[Records excerpted from a collection]
"""

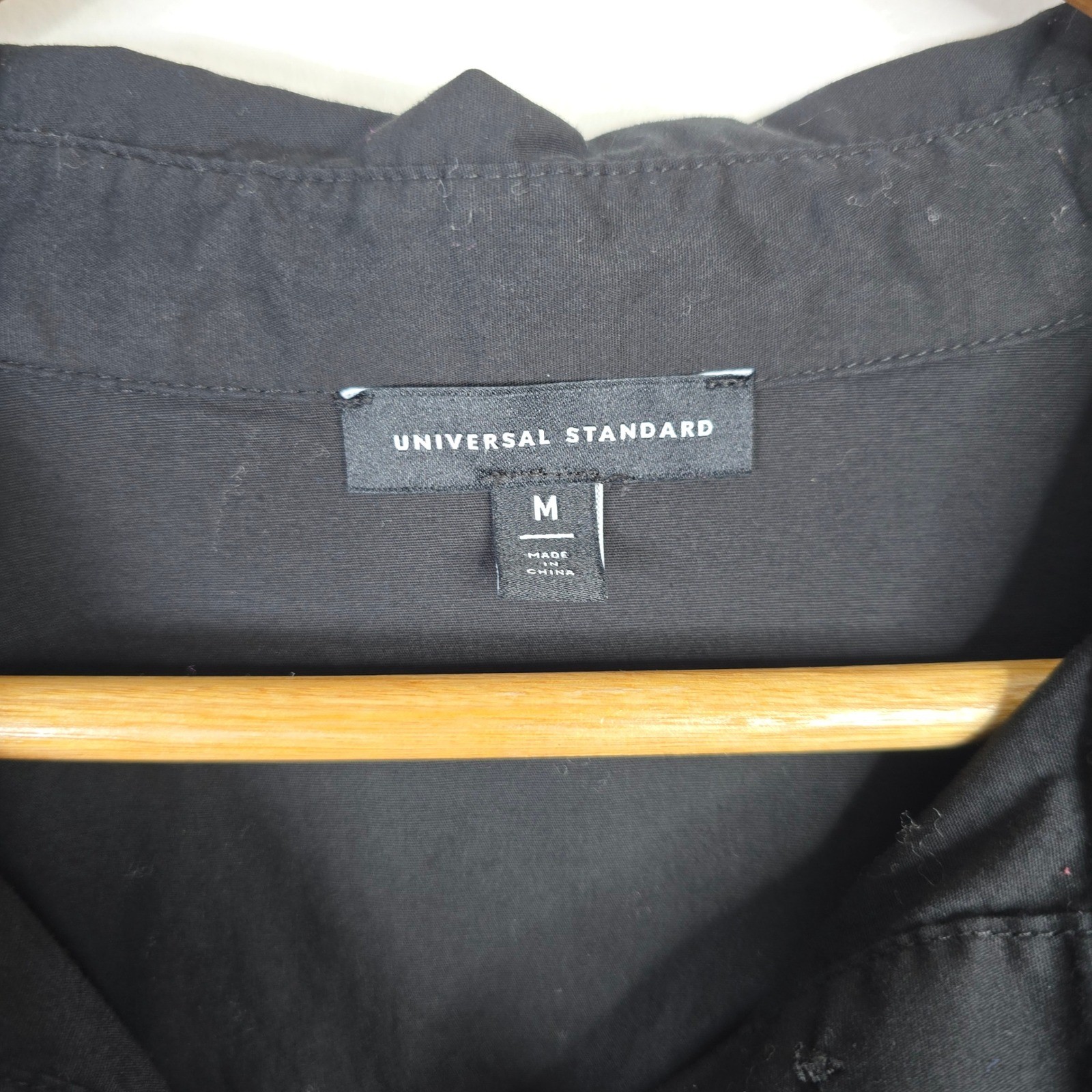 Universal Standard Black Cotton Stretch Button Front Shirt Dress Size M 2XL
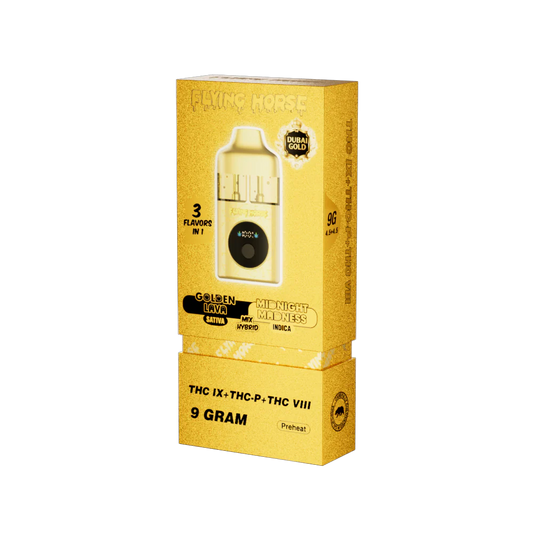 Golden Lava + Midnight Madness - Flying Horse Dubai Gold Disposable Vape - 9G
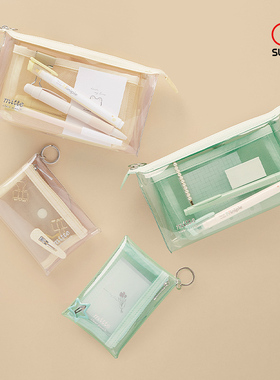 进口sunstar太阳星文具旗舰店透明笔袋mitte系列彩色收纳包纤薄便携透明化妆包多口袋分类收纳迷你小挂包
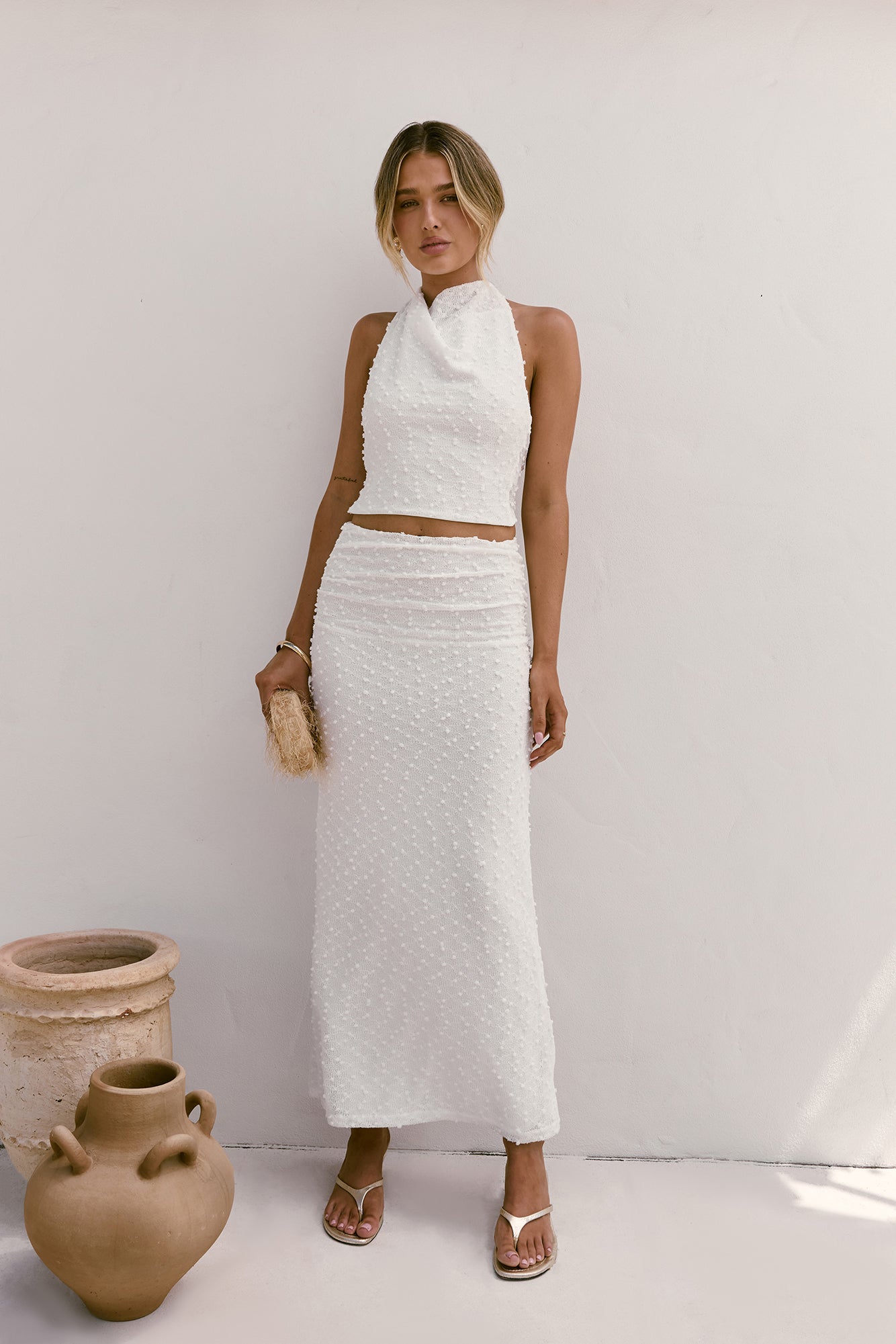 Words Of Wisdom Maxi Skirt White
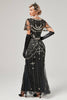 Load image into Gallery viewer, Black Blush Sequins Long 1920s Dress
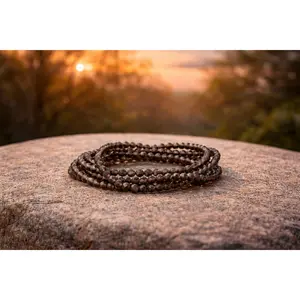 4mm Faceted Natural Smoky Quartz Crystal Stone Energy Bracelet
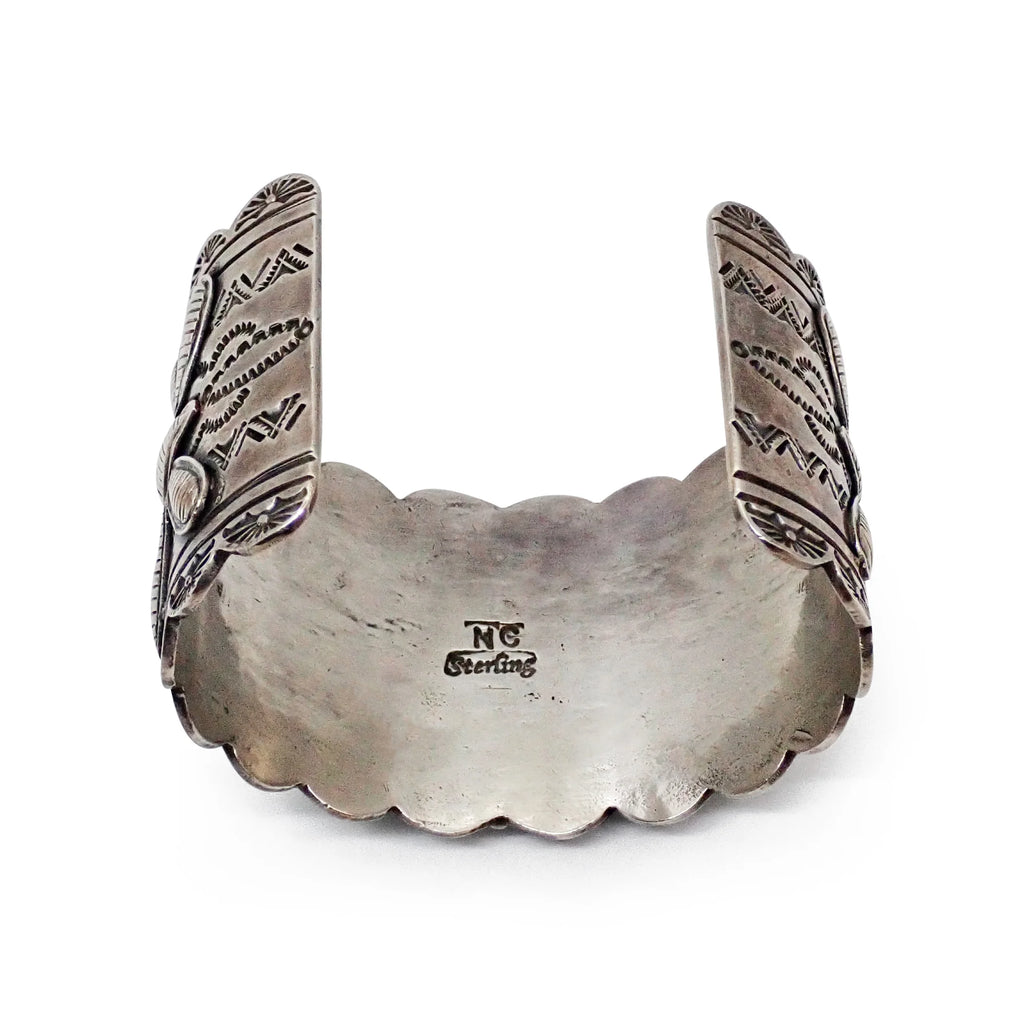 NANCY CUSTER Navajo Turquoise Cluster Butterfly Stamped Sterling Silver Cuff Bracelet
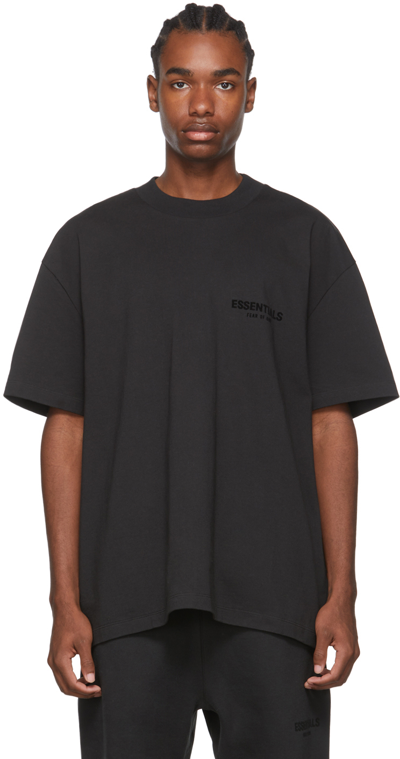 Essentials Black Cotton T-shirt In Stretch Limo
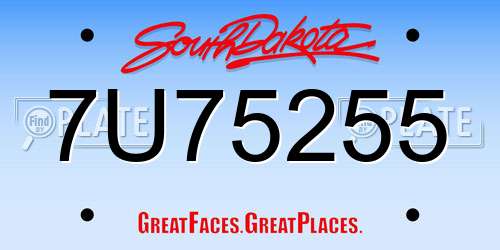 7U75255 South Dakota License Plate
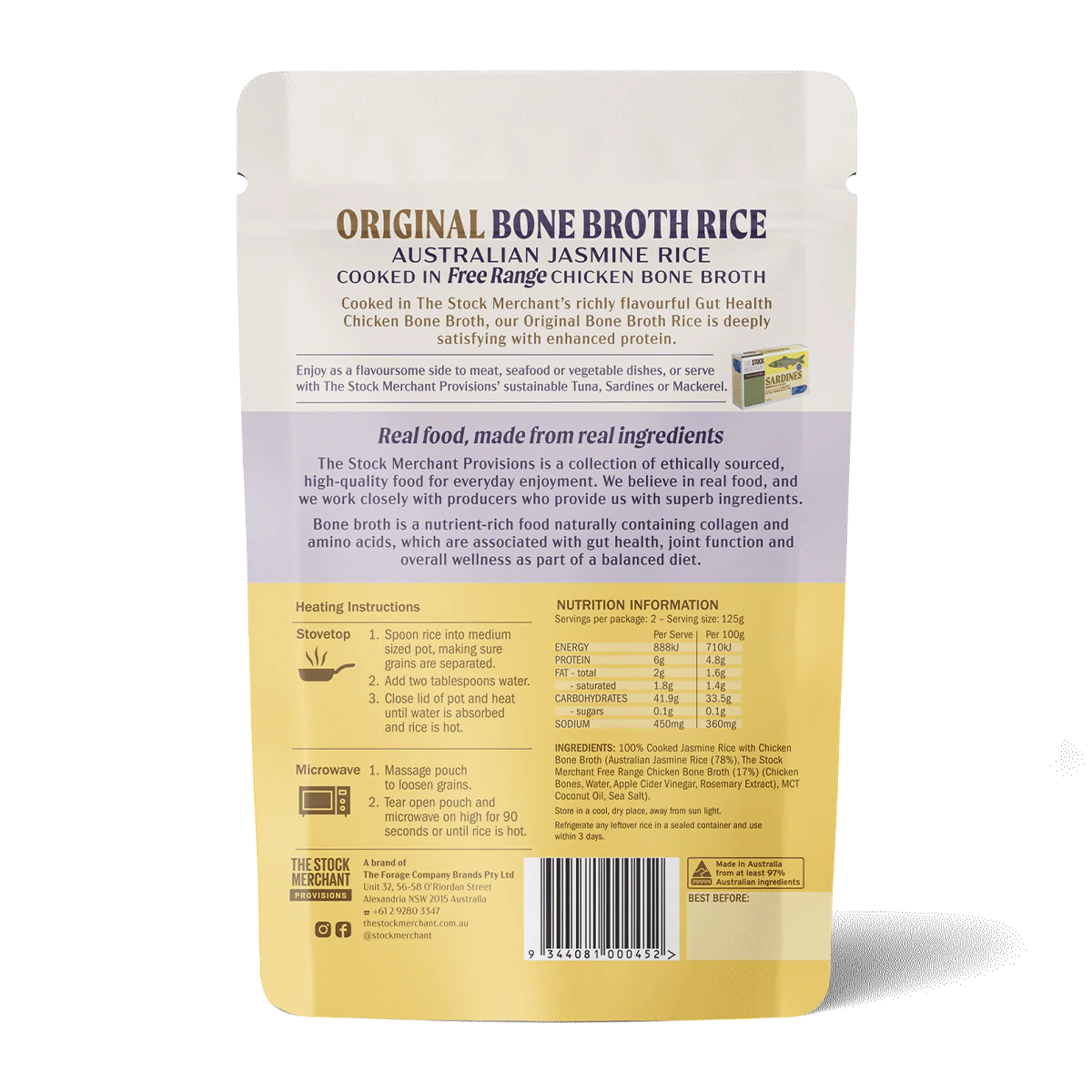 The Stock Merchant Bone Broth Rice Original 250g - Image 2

"""

▶ Task statement
Write out each entry word for word, images excluded.

▶ Response box
 Universal Standard Black Cotton Stretch Button Front Shirt Dress Size M 2XL
 Golden Lava + Midnight Madness - Flying Horse Dubai Gold Disposable Vape - 9G
 进口sunstar太阳星文具旗舰店透明笔袋mitte系列彩色收纳包纤薄便携透明化妆包多口袋分类收纳迷你小挂包
 Words Of Wisdom Maxi Skirt White
 Load image into Gallery viewer, Black Blush Sequins Long 1920s Dress
 4mm Faceted Natural Smoky Quartz Crystal Stone Energy Bracelet
 NANCY CUSTER Navajo Turquoise Cluster Butterfly Stamped Sterling Silver Cuff Bracelet
 Essentials Black Cotton T-shirt In Stretch Limo
 7U75255 South Dakota License Plate
 The Stock Merchant Bone Broth Rice Original 250g - Image 2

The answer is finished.